Sorting through the collections of artist turned cookbook author Erin Gleeson.


Erin Gleeson, at home

(1 of 15)

“This was originally a watercolor painting on paper that I had turned into fabric. Now it’s displayed on a pillow in my son Ezra’s room.”

(2 of 15)

“Lately I’ve been making clothes and furniture with my art printed on them. This dress is patterned after the end pages of my book, made through a site called Print All Over Me.”

(3 of 15)

“I’m a scotch drinker. This vintage scotch dispenser is nonfunctioning, but it looks great on the bar cart.”

(4 of 15)

“I traveled through the Gujarat region in India, an area known for its textiles. Each town specializes in a different kind of beautiful tapestry, whether hand dyed or covered in beads and mirrors.”

(5 of 15)

“I started taking watercolor classes when I was five years old. Pelikan’s paint blocks have the best texture and most vibrant colors. I always use up the orange, red, and yellow the quickest.”

(6 of 15)

“My husband’s parents gave me this original first edition of The Moosewood Cookbook. Mollie Katzen incorporates hand-drawn illustrations and handwriting in her recipes, like I do.”

(7 of 15)

“My mom bought this tray in the ’60s on a trip to Florence. Between my first two cookbooks, I’ve acquired more than 100 dishes. I get a lot of them at the Woodside Church rummage sale, a great source for inexpensive antiques.”

(8 of 15)

“I helped the photographer Charles Traub with an archiving project when I was in grad school, and he gave me this print as a thank-you.”

(9 of 15)

“My parents have been collecting these blue mason jars since the ’70s and gave them to me a few years ago to use in my photo shoots.”

(10 of 15)

“This shell necklace was left behind by a previous tenant in my very first New York apartment, draped over a carved wooden statue of a woman. When we all moved out, I snagged her necklace.”

(11 of 15)

“I’ve recently gotten into shibori dying, making all kinds of pillows and curtains. I’m slowly turning my lawn blue.”

(12 of 15)

”My favorite plate is from a small Jewish museum that was built inside a woman’s house in Granada, Spain. It’s hand painted with a pomegranate.”

(13 of 15)

“I’m obsessed with fruit trees in general—probably the result of growing up on an apple orchard. We have a little Meyer lemon tree and a clementine tree that I often use in photo shoots.”

(14 of 15)

“My uncle, Rick Stich, is a professional painter and has always been an inspiration. He gave us this painting for our wedding. The beach pictured is in Santa Barbara, where I went to school for undergrad. It’s my favorite place on earth.”

(15 of 15)

Erin Gleeson grew up on a Sebastopol apple farm, sandwiched between a goat ranch and a hippie commune. So it was an apt return to her scrappy roots when, after nine years of living in New York and photographing for the New York Times and the James Beard Foundation, she decamped with her fiancé to a forested Woodside home in 2011. “Moving from urban Brooklyn to this rural little cabin was so bizarre,” she recalls. “But this place has shaped my work in a totally new way.”

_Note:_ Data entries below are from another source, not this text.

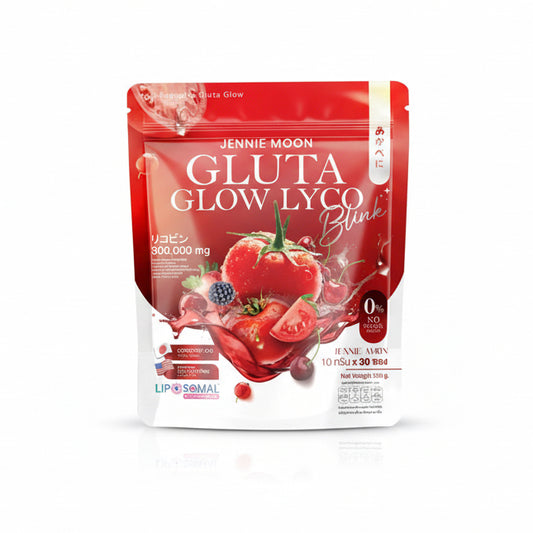 Jennie Moon Gluta Glow Lyco package on a red background with text about product benefits.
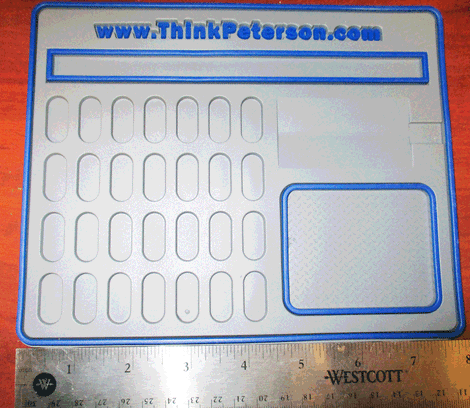 Finally, a moderate sized pinning mat at a moderate price. Size is 8 inches wide by 6 inches tall. At a moderate price!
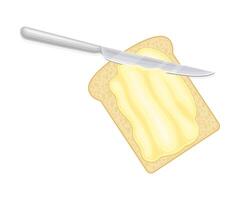 Bread with spread butter and knife. Natural dairy product on toast, top view illustration vector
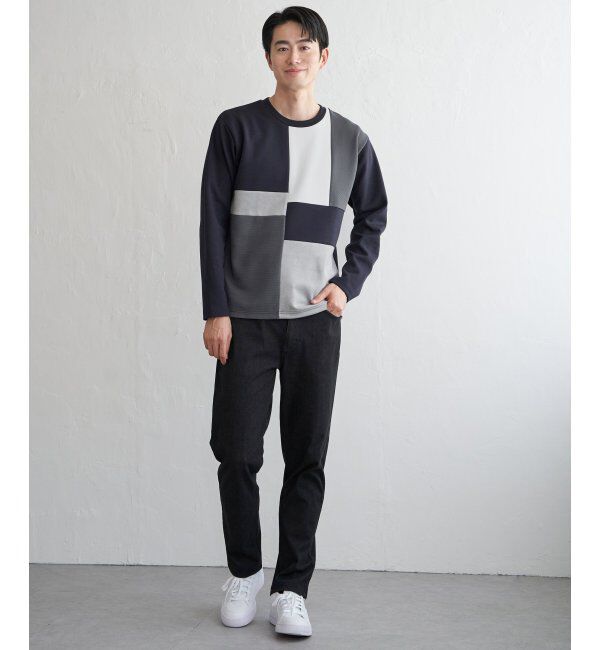 ikka「ブロックスダンボールクルーネック」|パーカー|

Adrift in her newfound idyll, Gleeson signed up for a CSA box and started experimenting in the kitchen. She launched a blog, The Forest Feast, to chronicle her culinary whims through photos, illustrations, and handwritten text. “I try to make really simple, tasty food that looks pretty on a plate,” she says. “People tell me that I make them look good at cocktail parties.” A majority of her dishes require fewer than five ingredients.

In 2014, Gleeson’s blog turned book, The Forest Feast, became a New York Times bestseller, lending the cabin dweller unexpected notoriety. This month she’s releasing The Forest Feast for Kids, a colorful guide to cooking with fruits and vegetables, and in September, she’ll follow up with The Forest Feast Gatherings. We visited the tastemaker at home, where she shared her stash of antique dishware, art, and rummage sale finds.